YOUR ASSIGNMENT:
The line with "Chip (Not Doug)" marks the start; please set it down along with all later lines through the end of the material, exactly, leaving out pictures.

EXERCISE DATA:
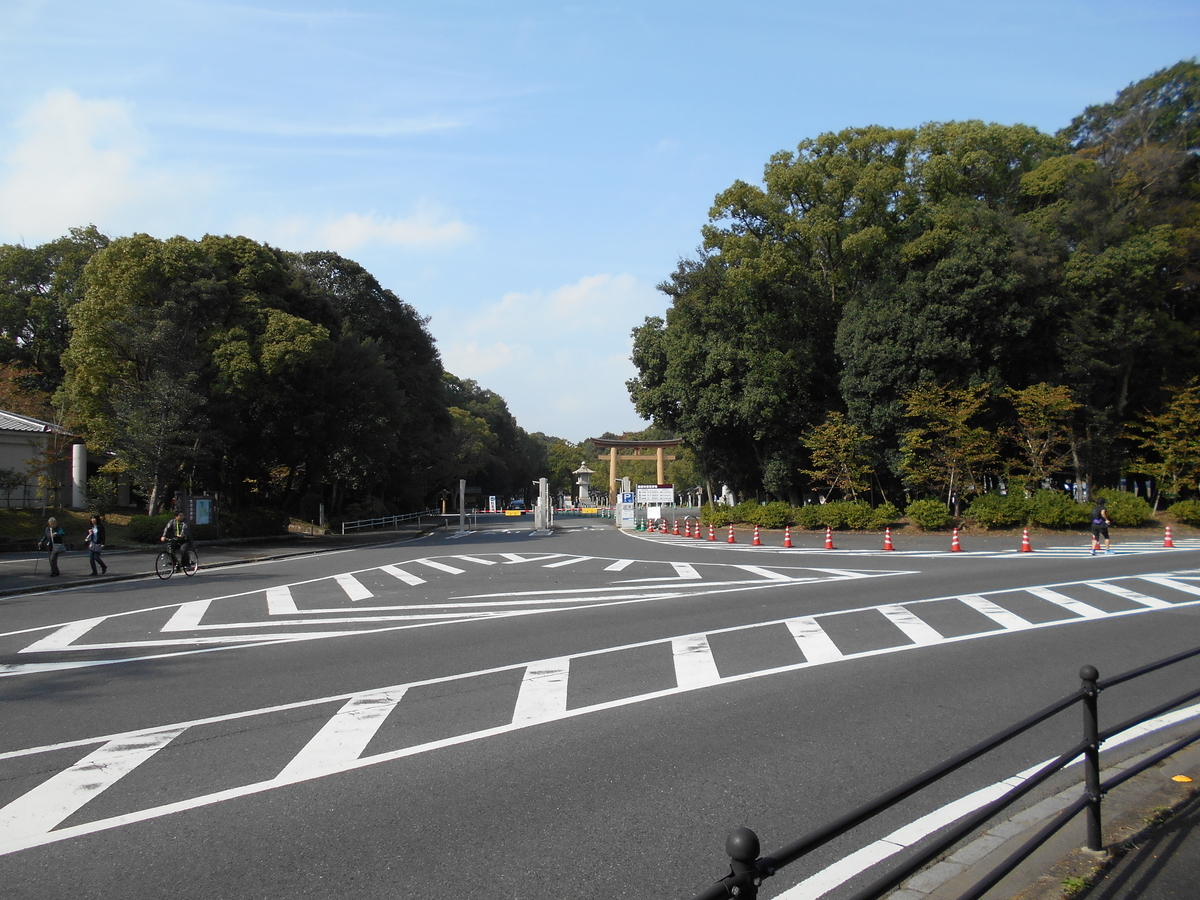 f:id:kojikint70:20191115194134j:plain f:id:kojikint70:20191115194134j:plain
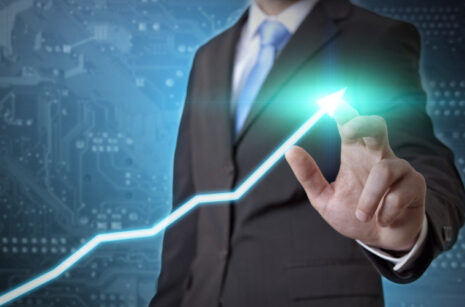 digital marketing in 2019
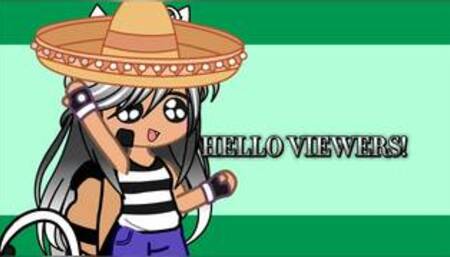 DISCORD SERVER!! FINALLY!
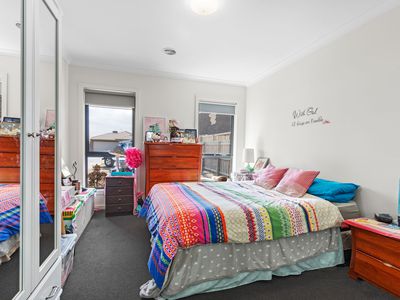 10 Rider Court, Tarneit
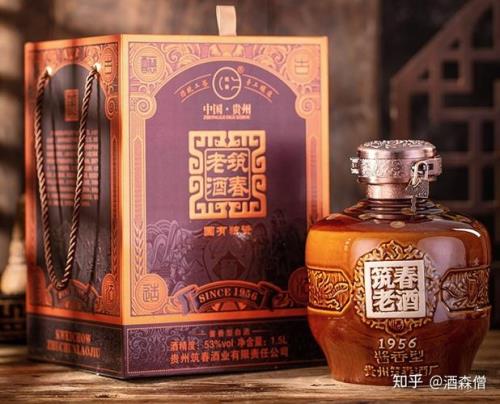 南腊酒怎么样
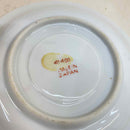 Fine China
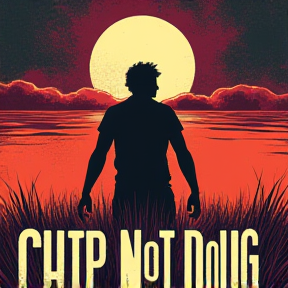 Chip (Not Doug)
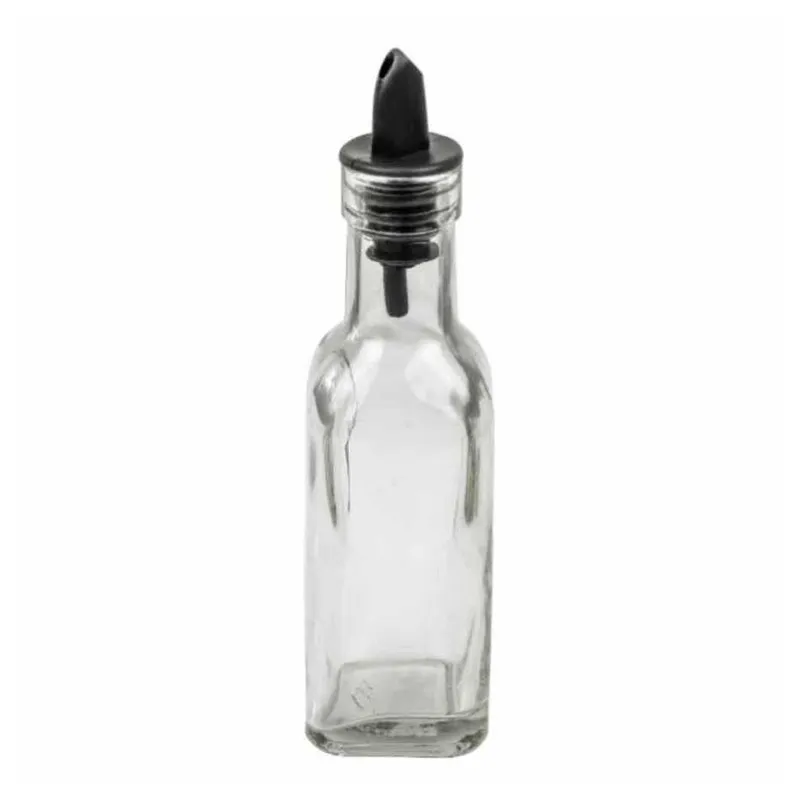 Epinox YTS-200 Yasemin Yağlık Sirkelik, 200 ml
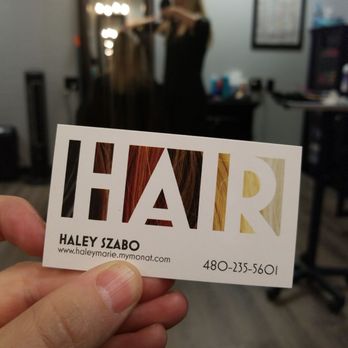 Lavish Beauty Bar - Hair. . Monat.. Color style.. Haley Szabo - Permanent Makeup Near Me - Mesa, Arizona Lavish Beauty Bar - Hair. . Monat.. Color style.. Haley Szabo - Permanent Makeup Near Me - Mesa, Arizona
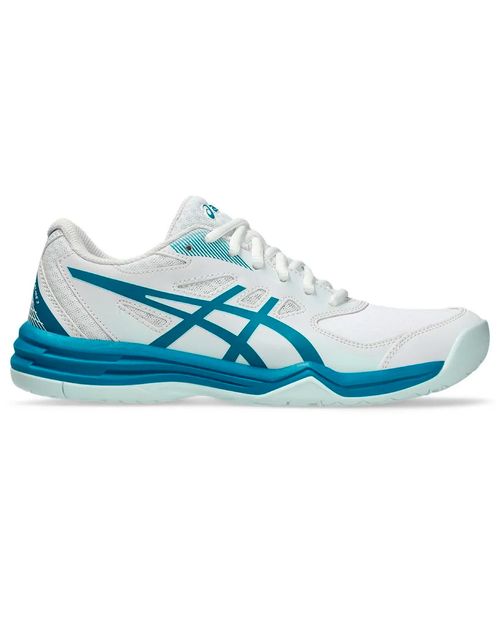 Tênis Feminino Asics Court Slide 3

TASK OUTPUT:
 Chip (Not Doug)
 Epinox YTS-200 Yasemin Yağlık Sirkelik, 200 ml
 Lavish Beauty Bar - Hair. . Monat.. Color style.. Haley Szabo - Permanent Makeup Near Me - Mesa, Arizona Lavish Beauty Bar - Hair. . Monat.. Color style.. Haley Szabo - Permanent Makeup Near Me - Mesa, Arizona
 Tênis Feminino Asics Court Slide 3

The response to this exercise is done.